Eerst zien, dan geloven. Een album als Moonchild roept reacties van ongeloof op. In de studio kan het allemaal, maar valt zoiets te recreëren op een podium? Het antwoord is sinds gisteren bekend, en onze omgeving zal het geweten hebben.
Voor een band die nog niet veel bewezen heeft, krijgt Othin Spake al aardig wat aandacht. Dat heeft natuurlijk te maken met de bezetting: drummer Teun Verbruggen en toetsenist Jozef Dumoulin behoren tot de mooie jonge goden van de Belgische jazz, en gitarist Mauro Pawlowski behoeft geen introductie. Het trio gaat zich te buiten aan vrije improvisatie die buiten de lijnen van rock en jazz kleurt, en aansluit bij de New Yorkse experimentalisten rond John Zorn. Het optreden in de AB was nochtans geen hoogvlieger: er werden interessante dingen gedaan met klankkleur (vooral door Pawlowski, die met z’n gebruik van delay, loops en distortion nu en dan op Sonny Sharrock-terrein belandde) en subtiele verschuivingen, maar het bleef al te zeer steken in cerebraal gepingel dat zelden aansloeg. Intrigerend, maar het besef dat deze band beter, véél beter kan, was een frustratie.

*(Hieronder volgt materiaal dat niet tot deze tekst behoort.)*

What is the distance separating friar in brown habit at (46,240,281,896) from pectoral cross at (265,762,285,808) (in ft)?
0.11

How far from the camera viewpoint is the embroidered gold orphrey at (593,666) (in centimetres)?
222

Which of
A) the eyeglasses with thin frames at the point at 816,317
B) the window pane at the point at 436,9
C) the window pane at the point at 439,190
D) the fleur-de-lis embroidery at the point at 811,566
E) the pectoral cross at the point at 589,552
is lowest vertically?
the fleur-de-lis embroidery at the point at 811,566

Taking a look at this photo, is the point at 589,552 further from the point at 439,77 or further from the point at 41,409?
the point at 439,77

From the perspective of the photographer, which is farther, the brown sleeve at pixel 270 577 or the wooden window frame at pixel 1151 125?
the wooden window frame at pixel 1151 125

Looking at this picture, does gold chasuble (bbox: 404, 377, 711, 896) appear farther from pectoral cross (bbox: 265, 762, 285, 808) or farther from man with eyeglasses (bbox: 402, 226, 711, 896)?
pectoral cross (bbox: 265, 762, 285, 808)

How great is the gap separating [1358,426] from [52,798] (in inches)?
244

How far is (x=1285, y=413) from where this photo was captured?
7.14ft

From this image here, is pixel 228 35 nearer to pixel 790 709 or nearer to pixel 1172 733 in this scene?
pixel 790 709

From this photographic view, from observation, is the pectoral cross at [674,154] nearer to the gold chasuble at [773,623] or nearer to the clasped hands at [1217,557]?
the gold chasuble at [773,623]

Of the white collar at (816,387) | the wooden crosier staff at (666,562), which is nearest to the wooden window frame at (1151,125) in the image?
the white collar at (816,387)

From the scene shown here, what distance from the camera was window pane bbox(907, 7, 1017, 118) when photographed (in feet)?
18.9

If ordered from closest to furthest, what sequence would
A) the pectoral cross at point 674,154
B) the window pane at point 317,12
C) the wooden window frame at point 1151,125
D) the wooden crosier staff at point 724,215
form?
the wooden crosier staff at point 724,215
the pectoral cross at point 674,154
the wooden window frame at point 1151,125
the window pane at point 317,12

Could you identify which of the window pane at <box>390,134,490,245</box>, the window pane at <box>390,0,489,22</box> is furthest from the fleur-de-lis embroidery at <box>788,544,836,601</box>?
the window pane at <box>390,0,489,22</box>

Met Moonchild, het trio dat eerder dit jaar aan het werk te horen was op John Zorns gelijknamige album, kregen we veel meer te horen en te zien. Aarzelend tussen brute experimenten en een rockopera voor psychopaten, is de groep de zoveelste provocerende uitlaatklep voor Zorn, die ermee een eerbetoon aan Aleister Crowley, Edgar Varèse en Antonin Artaud op poten zette. Het resultaat is een sinistere helletocht van donkere sensualiteit en hysterisch kabaal. Zorn viel nergens te bekennen (later bleek dat hij achter de knoppen stond), maar na een minuutje "Hellfire" was de toon gezet voor een spectaculaire performance die het volledige album erdoor zou jagen. Drummer Joey Baron (Naked City, Masada etc.) en bassist Trevor Dunn (Fantômas, Mr. Bungle, en eerder dit jaar al te gast in de AB met Teun Verbruggens Nozzle Slag) zorgden voor een indrukwekkend fundament, dat nu eens slepend was, en dan weer in volle ADHD-stijl ontspoorde.

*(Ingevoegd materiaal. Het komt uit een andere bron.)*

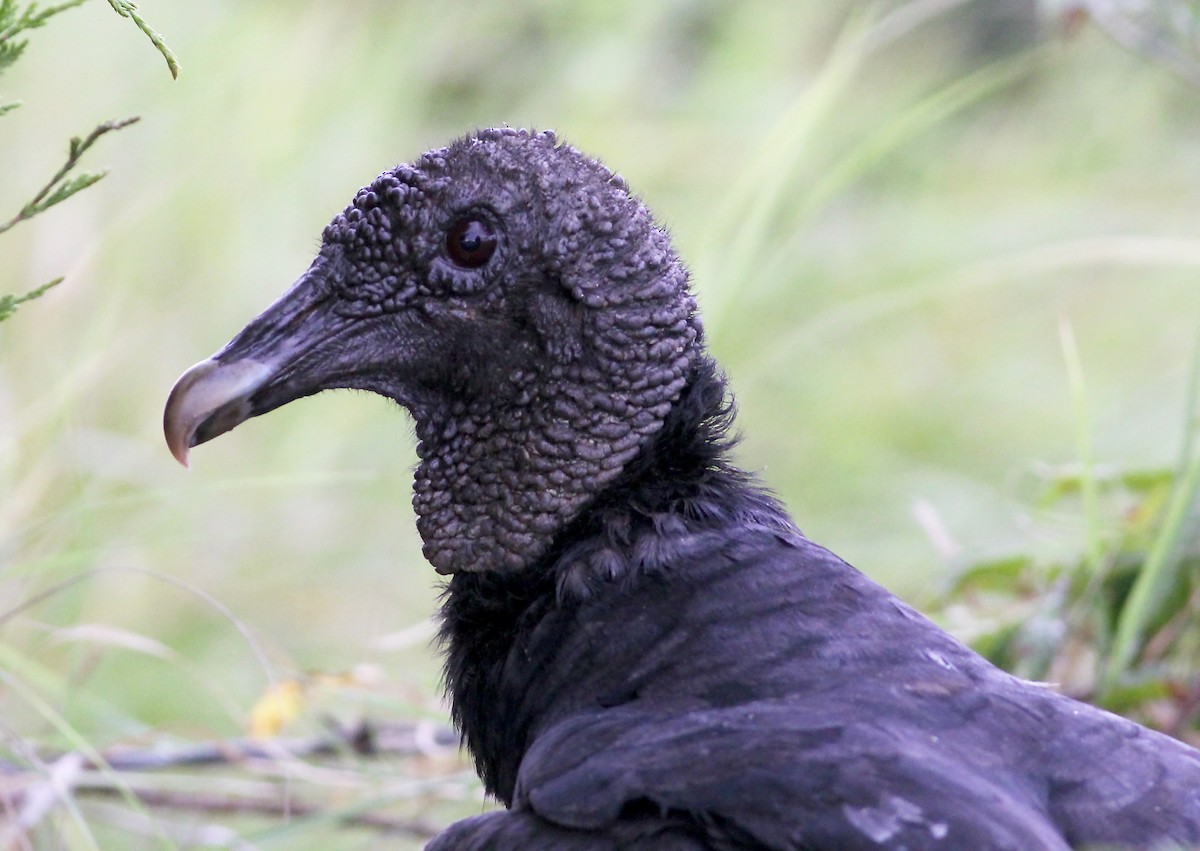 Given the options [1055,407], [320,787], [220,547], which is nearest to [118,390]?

Lyrische passages en hectisch gebeuk, zoals gewoonlijk, waarbij vooral Barons rol opviel. Verbruggen noemde zijn manier van spelen ooit "schilderen op een drumstel", en het arsenaal aan geluiden, accenten en ritmes was dan ook verbijsterend. Het ene moment liet hij de ritmes struikelen ("Ghosts Of Thelema"), om dan even later een hypnotische groove rollende te houden (een machtig "Possession", of afsluiter "Sorceress"). Het sluitstuk van de band was echter stemkunstenaar Mike Patton, die over het podium sloop als een kat, spastische bewegingen maakte alsof hij elektroshocks kreeg toegediend, en gespannen z’n entree afwachtte als een korteafstandsloper in de startblokken. Het verschil is dat Patton niet aan valse starts doet, en zich gaf met een onvoorstelbare timing en maniakale energie.
Patton zuchtte en hijgde, gromde en gorgelde, krijste en gilde op een manier die z’n performance op het album in de schaduw stelde. Tijdens "Caligula" en "Le Part Maudit" leidde dit tot stuiptrekkingen, rondvliegend speeksel en vocale hoogstandjes die op ongeloof onthaald werden. Ingetogen stukken als "616" en "Moonchild", die zovele keren sterker waren dan op plaat, kregen een zieke sensualiteit mee. Tijdens één nummer ("Equinox") bleef hij aan de kant, voor de rest domineerde hij de voorstelling, die in het niemandsland tussen duiveluitdrijving, rock en performance art verbleef. Het was als kijken naar een bombastische theatervoorstelling die een trip naar het Parijse grand guignol van een eeuw geleden garandeerde.
Het concert had niet de emotionele impact die Zorns Masada eerder dit jaar had, maar de perfecte uitvoering van het stuk en de ijzingwekkende intensiteit zorgden voor een uitzinnig onthaal. Sommigen verlieten de zaal in walging, maar de meerderheid besefte getuige te zijn geweest van een concert dat over een paar decennia nog opgerakeld zal worden. Zorn kwam zelf het podium op voor het bisnummer: een geïmproviseerde, door de meester gecoördineerde lap lawaai die de kers op de taart zette. Moonchild was niet zomaar "goed", "knap" of "straf". Moonchild was verpletterend.